There are many unfortunate provisions in the tax reform bills recently passed by the House and Senate, but at least one good one: the House bill would repeal the alternative minimum tax. The Senate bill, in an effort to find some revenue, would preserve the AMT but reduce its bite somewhat.
As a professor of tax law, I am aware of many terribly flawed tax rules. But no feature of the Internal Revenue Code strikes me as less rational than the modern AMT. Congress created the AMT in 1969 to impose at least some income tax on what committee reports described as “a small minority of high-income people” who had manipulated the then-current rules “to evade tax on a large part of their income”. Lawmakers revised the rules to target deductions for “tax preference items,” such as mineral depletion allowances, intangible drilling costs and accelerated depreciation, as well as a special deduction then available for income capital gains.
The central idea was to impose a lower tax rate, but on a broader tax base, stripped of most deductions. For a while, it mostly worked. The AMT was a nuisance to a few high-income earners—never more than 0.5% of all taxpayers in the early years—but was otherwise largely harmless. Yet through a series of small, unintended steps, the AMT has become both broader and less focused on wealthy tax evaders.
In 1978, Congress effectively removed capital gains preferences from the scope of the AMT. Since very high-income taxpayers take more than half of their income in the form of capital gains, this has largely made them immune to AMT.
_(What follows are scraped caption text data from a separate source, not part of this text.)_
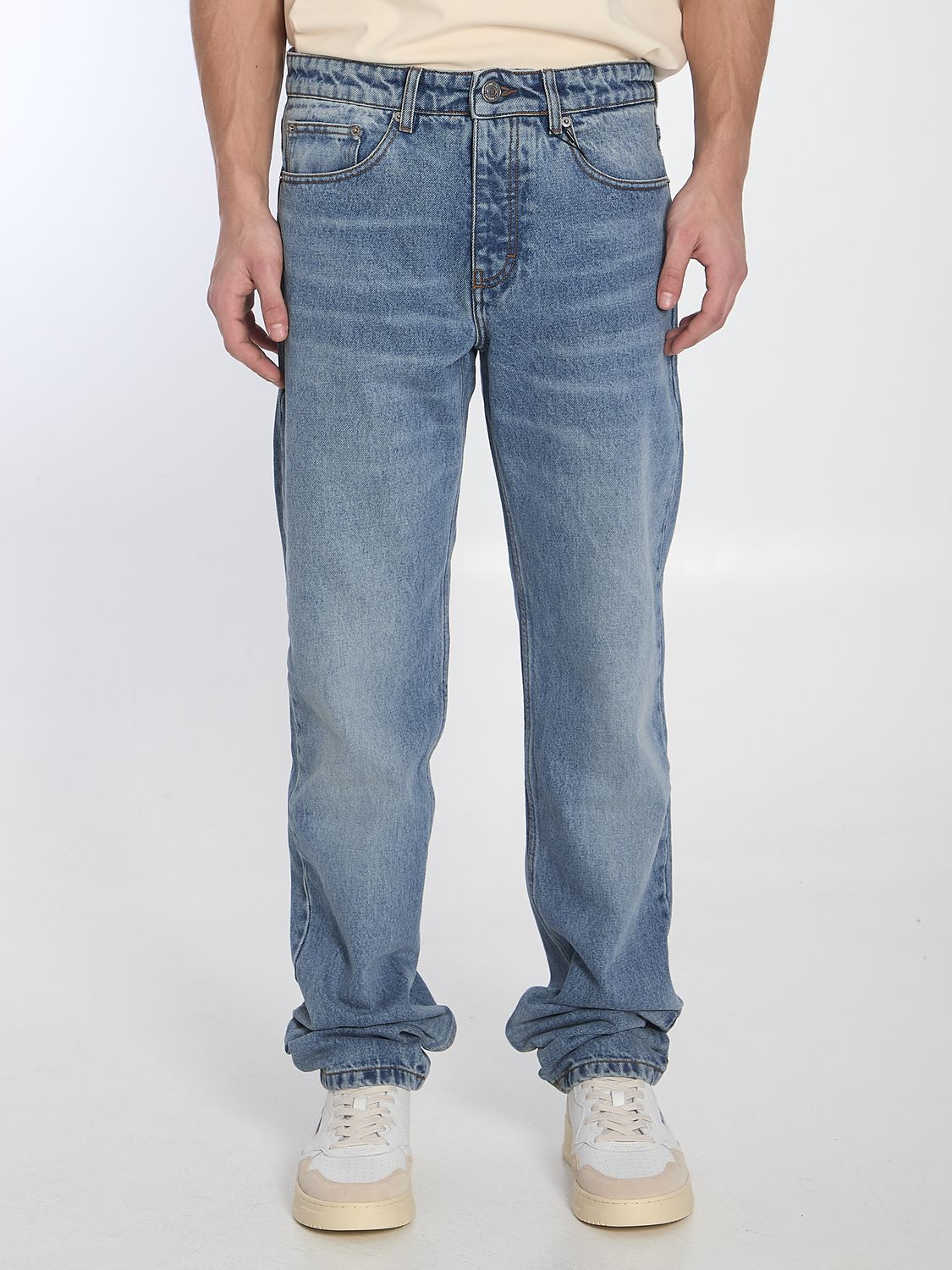 Used Blue Denim Jeans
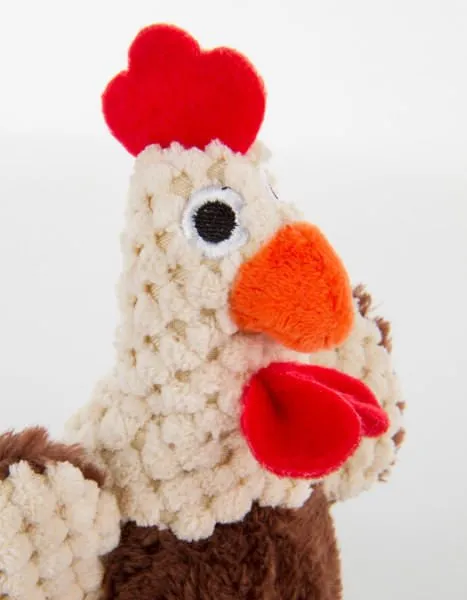 Brown Skinny Rooster Dog Toy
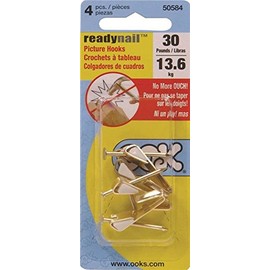 Ook 50584 30# ReadyNail Picture Hangers 4 Count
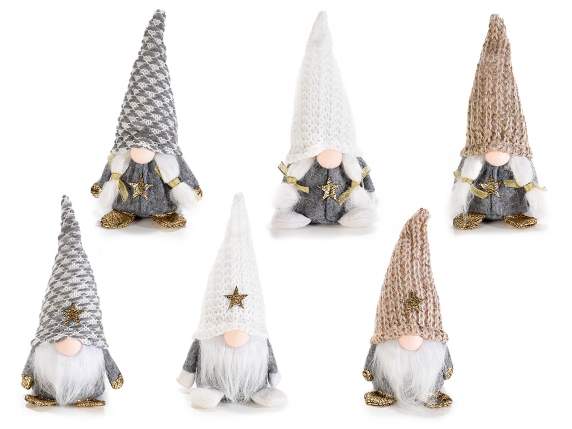 Mo Craciun i Mama Craciunului în material colorat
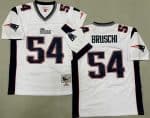 New England Patriots #54 Tedy Bruschi White 1996 Throwback Jersey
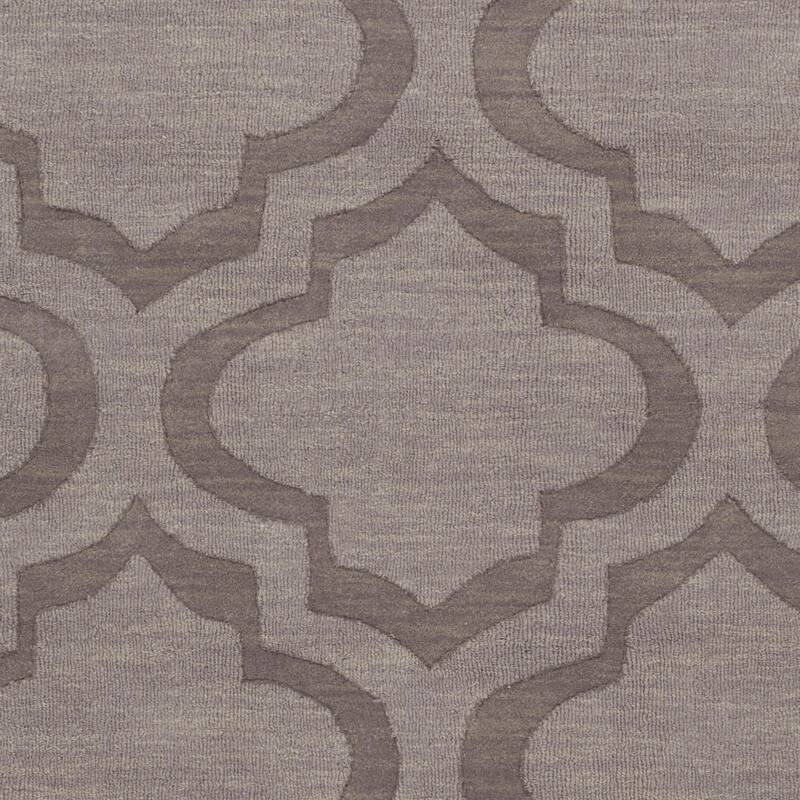 Hand-Woven Ali Tone-on-Tone Moroccan Trellis Wool Rug (9' x 12')
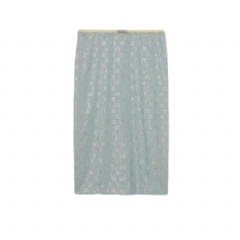 Gucci Women Silk stretch chiffon skirt with crystals 855496 ZARX2 4141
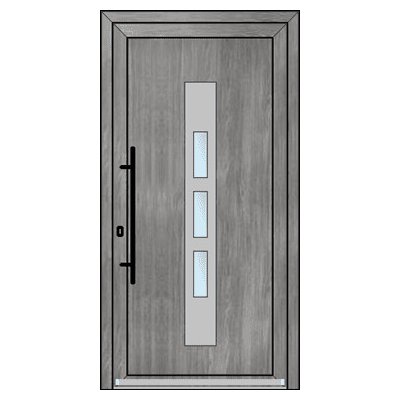 OknaDvereNaMiru.cz Vchodové dveře INOX 1429 ořech 105 x 220 cm – Hledejceny.cz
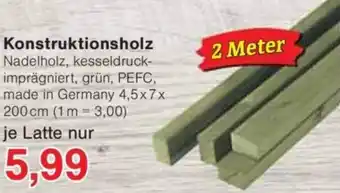 Jawoll Konstruktionsholz Angebot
In 1981, Congress indexed regular tax brackets and exemptions to automatically adjust for inflation, but did not add AMT-like indexing. In 1986, Congress significantly reduced regular tax rates, but not AMT rates.
The result is that the effect of AMT today is quite at odds with its expressed intent. In 2015, about 4.5 million taxpayers, or about 3% of total filers, paid it, according to official IRS estimates. Most of these people were well off but not super wealthy. Less than 20% of taxpayers with adjusted gross income over $1 million paid AMT, compared to about 60% of those with income between $200,000 and $500,000.
The afflictions of this latter group do not quickly bring handkerchiefs to tear-soaked eyes. Nevertheless, even high earners deserve a tax that is fair and based on rational theory, and the AMT is neither.
Although intended to target very wealthy taxpayers, the AMT creates collateral damage. Consider David and Margaret Klaassen, whose income in 1994 was just $83,000. They were hit by the AMT simply because they paid local and state taxes and because they had 10 children. Regular tax calculations allow deductions for state and local taxes and personal exemptions, but not AMT. The result was that the Klaassens’ AMT exceeded their regular tax by 20%. They challenged AMT’s assessment and fought the IRS. Although a federal court agreed that it was patently unfair to impose AMT on taxpayers who were clearly not its original targets, it ruled that the Klaassens should nonetheless pay it.
AMT is also a compliance nightmare. It imposes alternative calculations on a wide range of items, forcing taxpayers (or their accountants) to wrestle with two separate sets of tax rules. IRS Form 1040 indicates that if taxpayers are unsure whether they owe an AMT, they must complete a 16-line spreadsheet to make a preliminary determination. If the spreadsheet suggests the answer may be yes, taxpayers are advised to complete Form 6251, which is 64 lines long and even more complicated. Thus, even many taxpayers who do not pay the AMT in the end are forced to grapple with its complexities.
In the interest of full disclosure, I should note that my wife and I paid AMT for over a decade. But even if a tax bill that eliminates the AMT leaves me paying the same amount, it would be a win for me and millions of other Americans.
As the conference committee begins to negotiate to reconcile the two bills, the best approach is apparent. The home plan eliminates these problems by eliminating the AMT. The Senate bill offers some relief, but does nothing fundamentally to fix a tax provision that badly needs to be repealed.
Mr. Schmalbeck is a professor of tax law at Duke University.